▶ [SOURCE MATERIAL]:
_ _ _ _
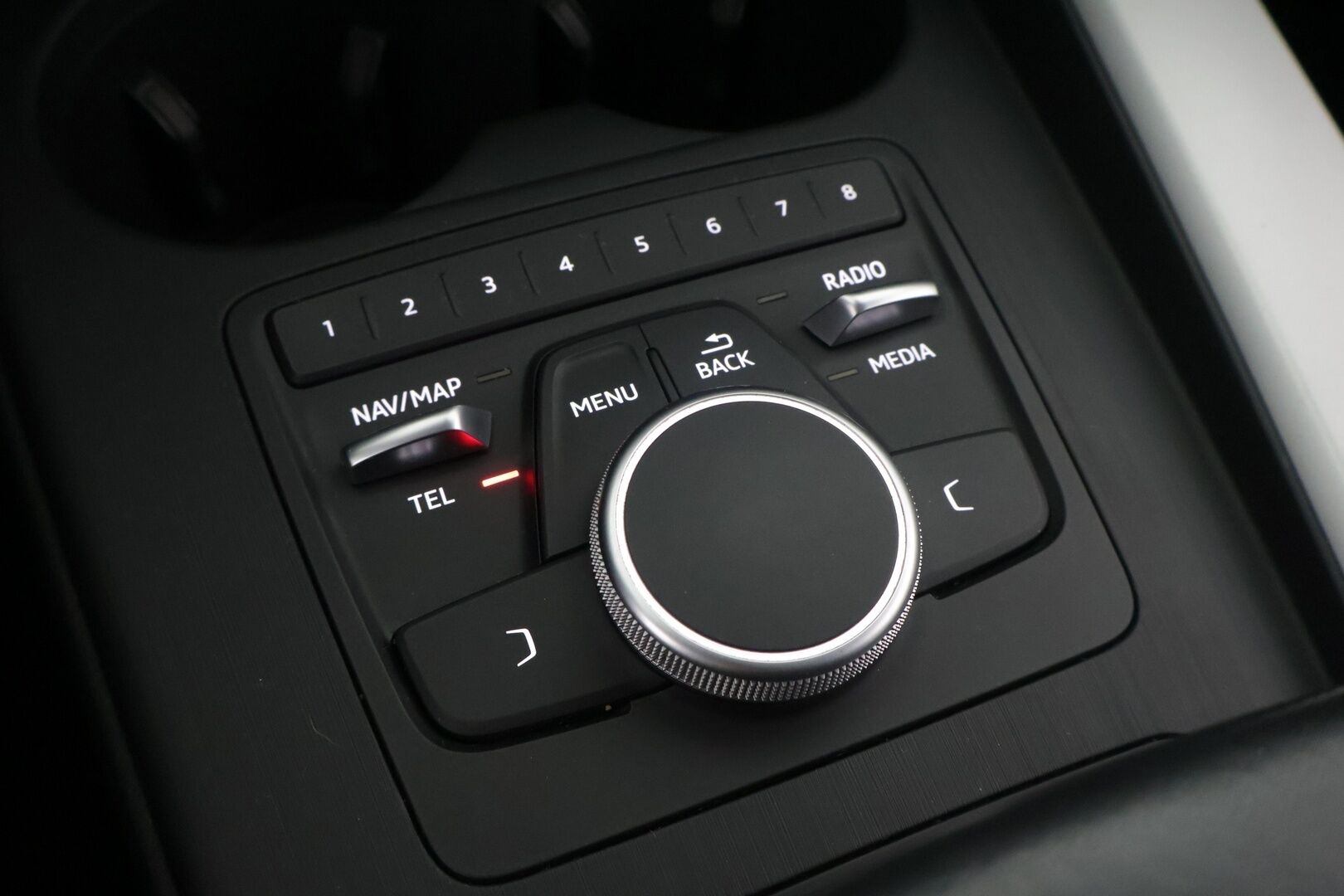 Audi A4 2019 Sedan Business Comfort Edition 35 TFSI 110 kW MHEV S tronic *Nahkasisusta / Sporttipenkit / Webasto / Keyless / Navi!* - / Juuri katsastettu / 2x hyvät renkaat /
_ _ _ _
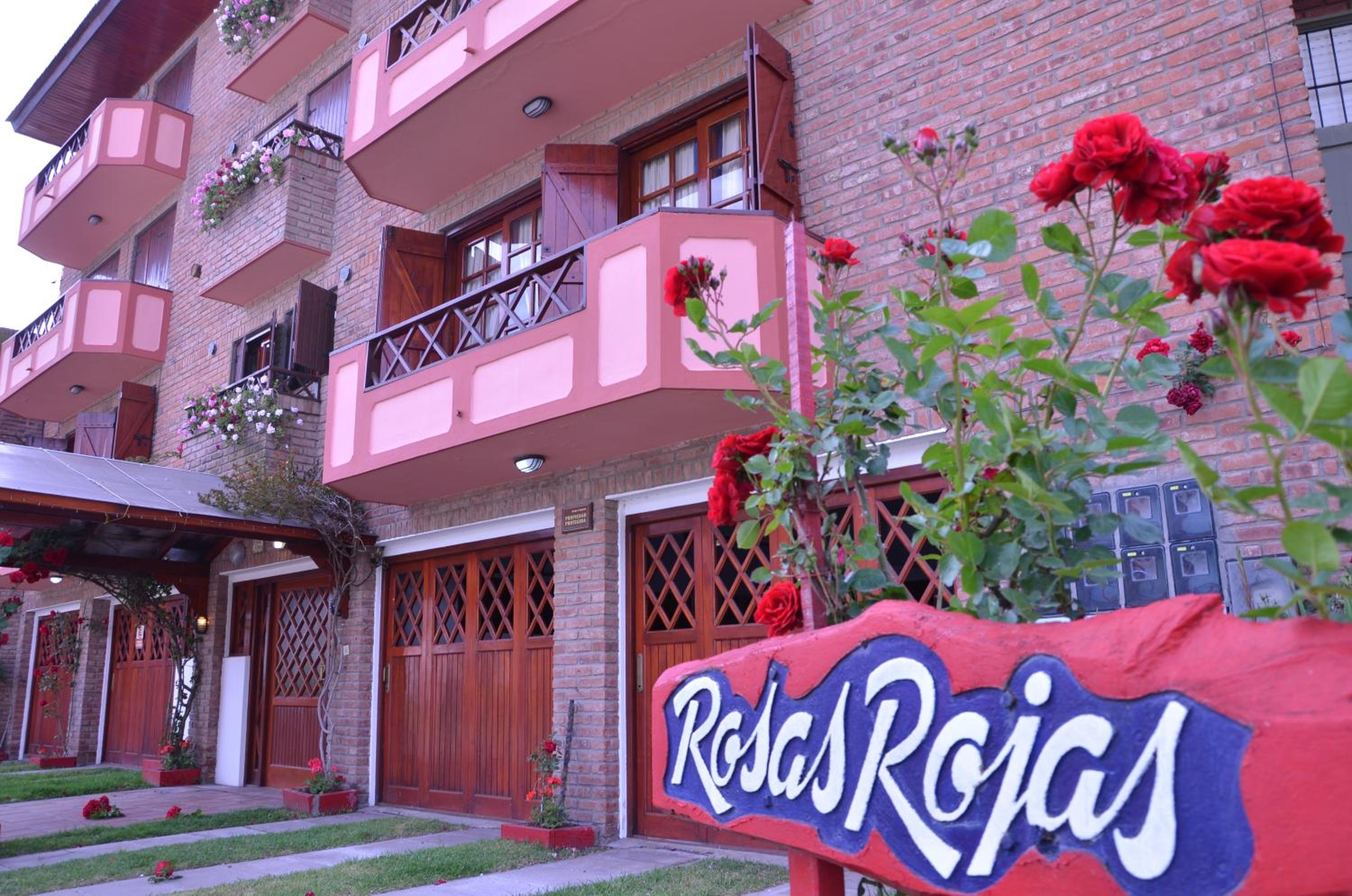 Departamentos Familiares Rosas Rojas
_ _ _ _
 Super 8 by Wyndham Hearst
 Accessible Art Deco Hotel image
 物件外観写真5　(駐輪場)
_ _ _ _
▶ [PROBLEM DETAILS]: Your reply is to repeat, unchanged, the lines above running from the one with "Super 8 by Wyndham Hearst" up to and including the one with "物件外観写真5　(駐輪場)".

▶ [ANSWER FOR THE TASK]:
 Super 8 by Wyndham Hearst
 Accessible Art Deco Hotel image
 物件外観写真5　(駐輪場)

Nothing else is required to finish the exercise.